Image Transfer Grade: A-


Audio Transfer

 LanguageRemote Access
MonoEnglish, Spanish, Frenchyes
DS 2.0Englishyes

Audio Transfer Review: Both stereo and mono English mixes are provided. There's some modest directionality on the stereo version, most noticeable in the split-screen segments. Dialogue is clear throughout, with hardly any hiss or noise (especially in contrast to the extremely noisy trailer elsewhere on the disc).

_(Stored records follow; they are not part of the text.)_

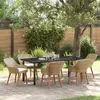Image de vidaXL Ensemble de salle à manger pour jardin 7 pc Beige polyrotin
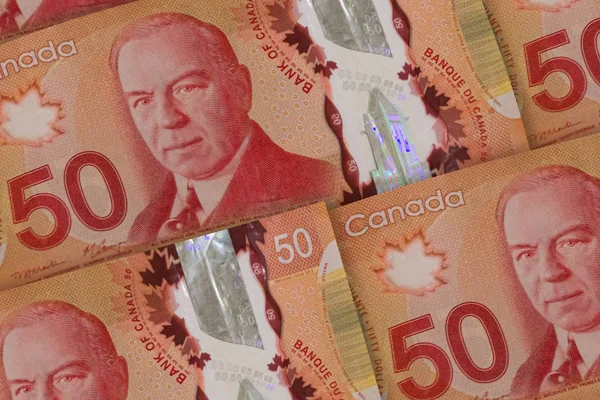 Fondo de dinero canadiense. Patrón de dólares de Canadá. CAD — Foto de Stock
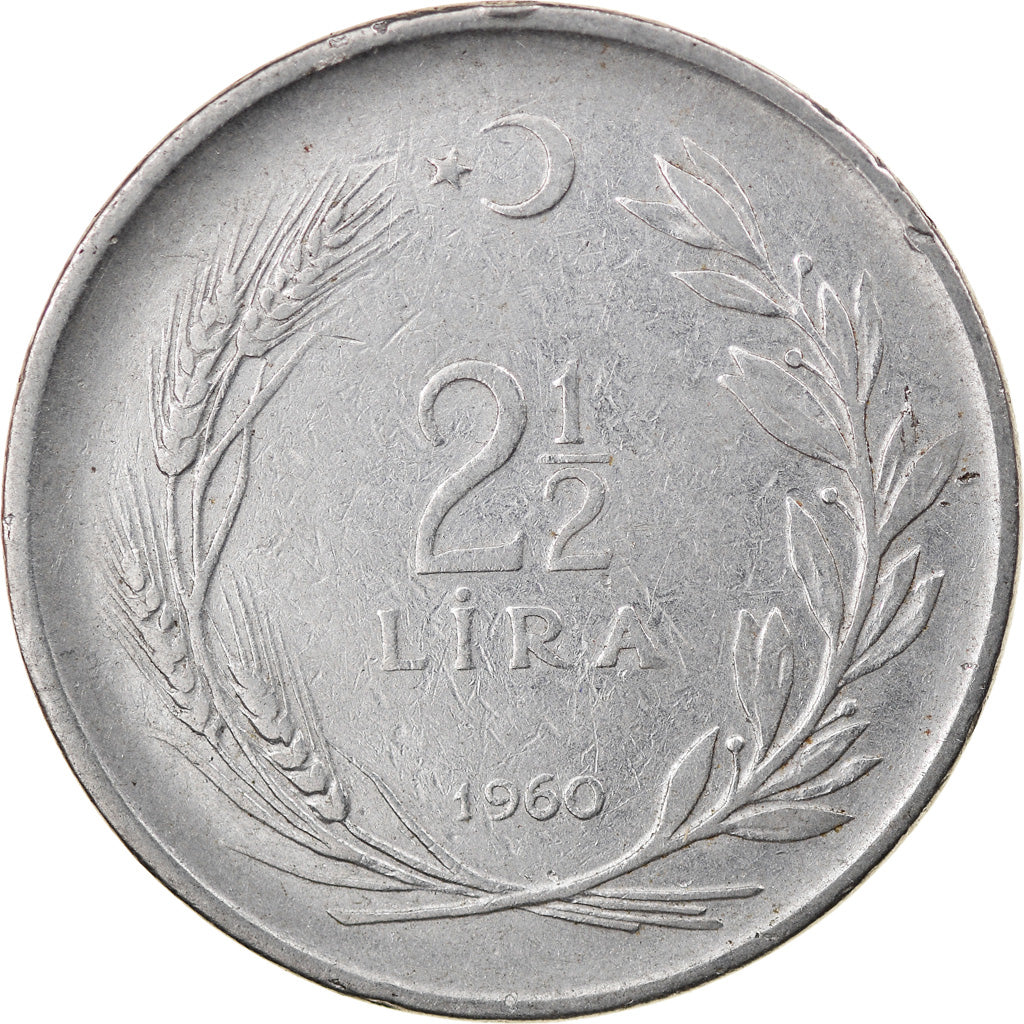 Moneta, Turcja, 2-1/2 Lira, 1960, VF(30-35), Stal nierdzewna, KM:893.1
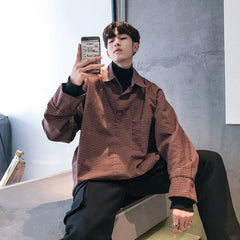 Threebooy Men's Lattice Printing Long Sleeves Coats Loose Brand Two Pieces Cotton Clothes Fashion In Warm Bottoming Shirts M-2XL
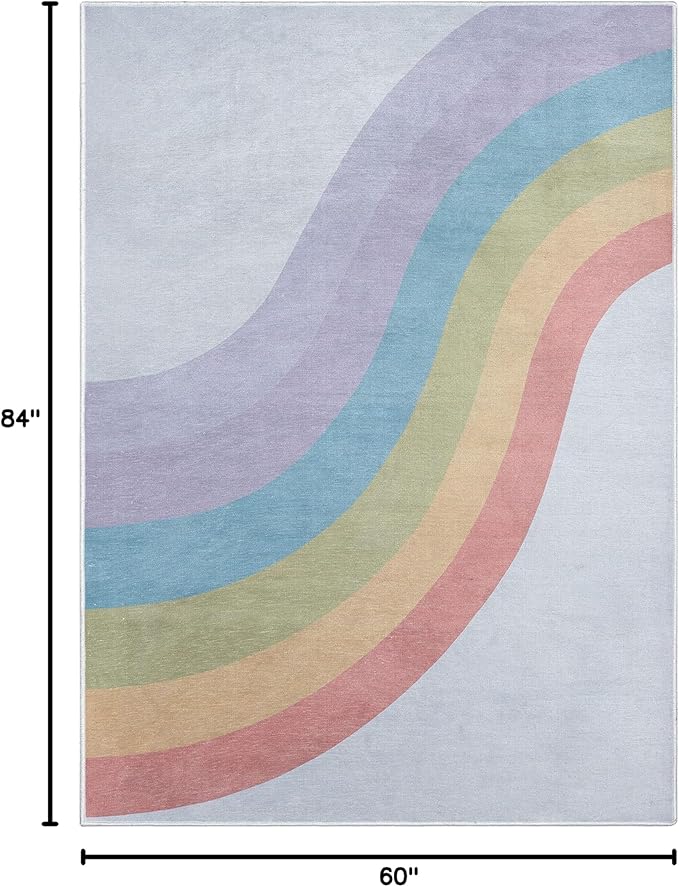 Well Woven Kids Rainbow Rug, 5' x 7', Multi Color-Ruum Studio Home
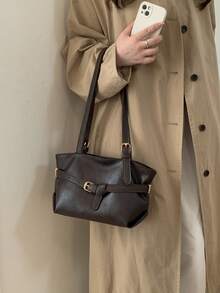 Túi xách nữ Niche 2026, kiểu dáng tối giản cổ điển, túi đeo vai thời trang thường ngày. - Cà phê - Xem 2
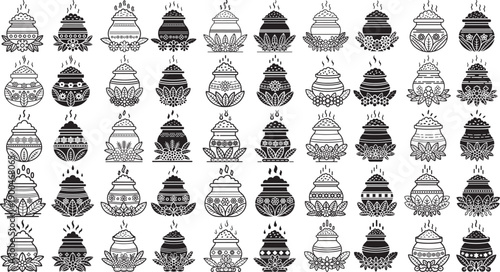 blackandwhiteillustrationsofvarioustraditionalpotterydesignswithlidandsteamemittingfromtop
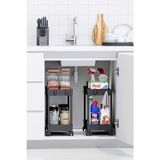 2 Adet Siyah 2 Katlı Tekerlekli Düzenleyici Mutfak ve Banyo Rafı ORH-H006-2T2-BLK-WHL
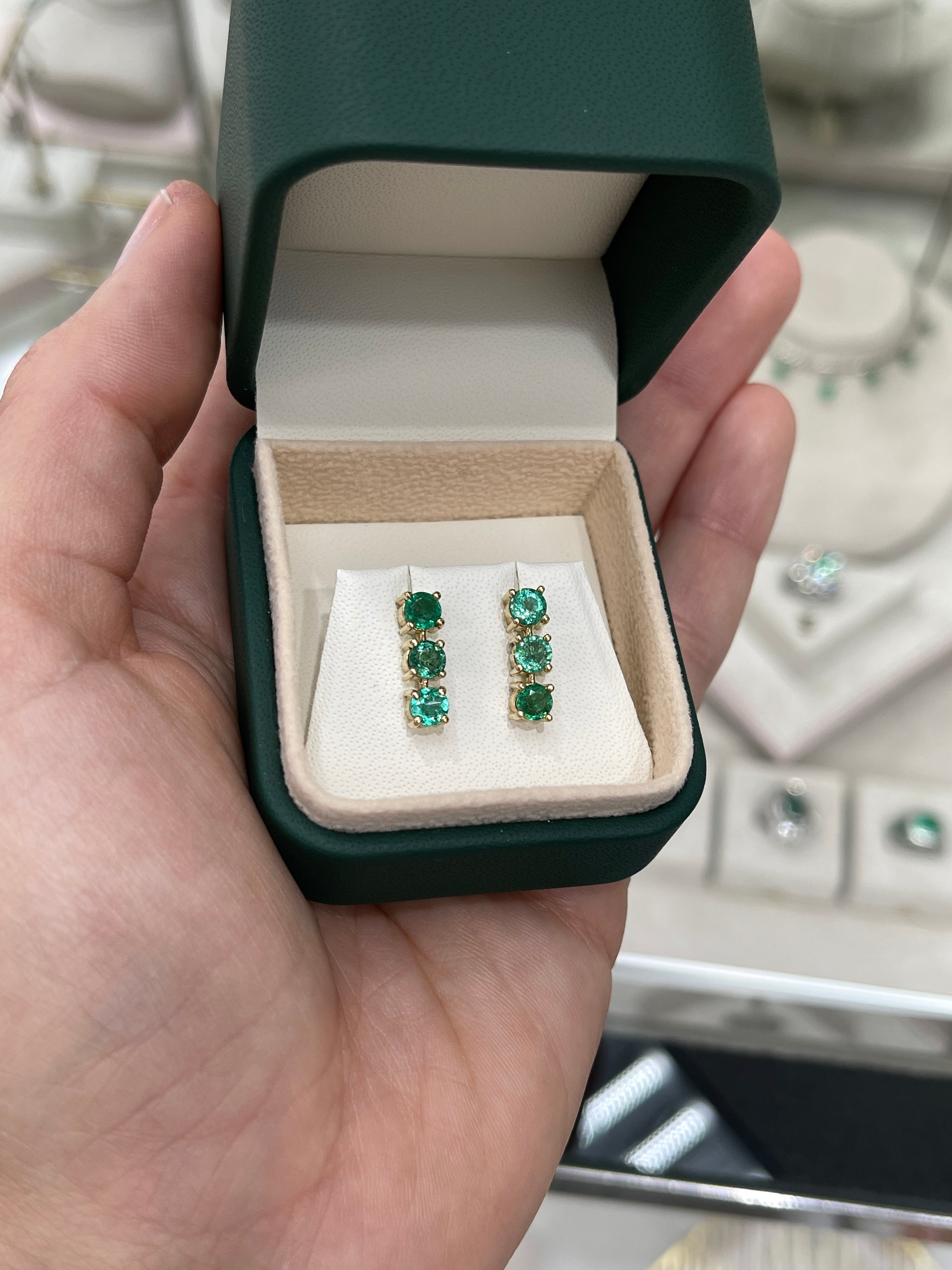 1.80TCW Earth Mined Round Emerald Drop Earrings in 14K Yellow Gold Lightweight Dangle Studs - JR Colombian Emeralds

The infrequent music sounds decent for the age of the track, but low bass is unsurprisingly missing.

Audio Transfer Grade: B+


Disc Extras

Full Motion menu with music
Scene Access with 24 cues and remote access
Subtitles/Captions in English with remote access
1 Original Trailer(s)
6 Other Trailer(s) featuring Don't Say a Word, From Hell, The Grapes of Wrath, Joy Ride, My Darling Clementine, One Hour Photo
1 TV Spots/Teasers
1 Documentaries
Packaging: Amaray
Picture Disc
1 Disc
1-Sided disc(s)
Layers: RSDL
Layers Switch: 01h:10m:18s

Extra Extras:
  1. Newsreel footage of the Boston Strangler murders
Extras Review: Even though it's not a full-blown special edition, Fox provides some worthwhile extras to this picture. First, there is actual period Movietone newsreel footage of the hysteria in Boston during the Strangler's reign of terror. While some of the audio has been lost, it gives an immediacy to the real-life situation that might be omitted in the Hollywoodization of the story. Also interesting is the AMC Backstory episode devoted to the film, with discussion of DeSalvo's life and death, and interviews with Curtis, director Richard Fleischer, and studio executive Richard Zanuck. It's compact, well-assembled and provides an excellent overview of the political climate and the making of the film as well as its reception. A teaser and theatrical trailer round out the package, with half a dozen miscellaneous other trailers related to either serial killers or Henry Fonda tagging along behind.

Extras Grade: B


Final Comments

One of the seminal serial killer dramas hits DVD with a modest but worthwhile package. It may be hard to take for sensitive viewers, but it's quite thoughtful and engrossing.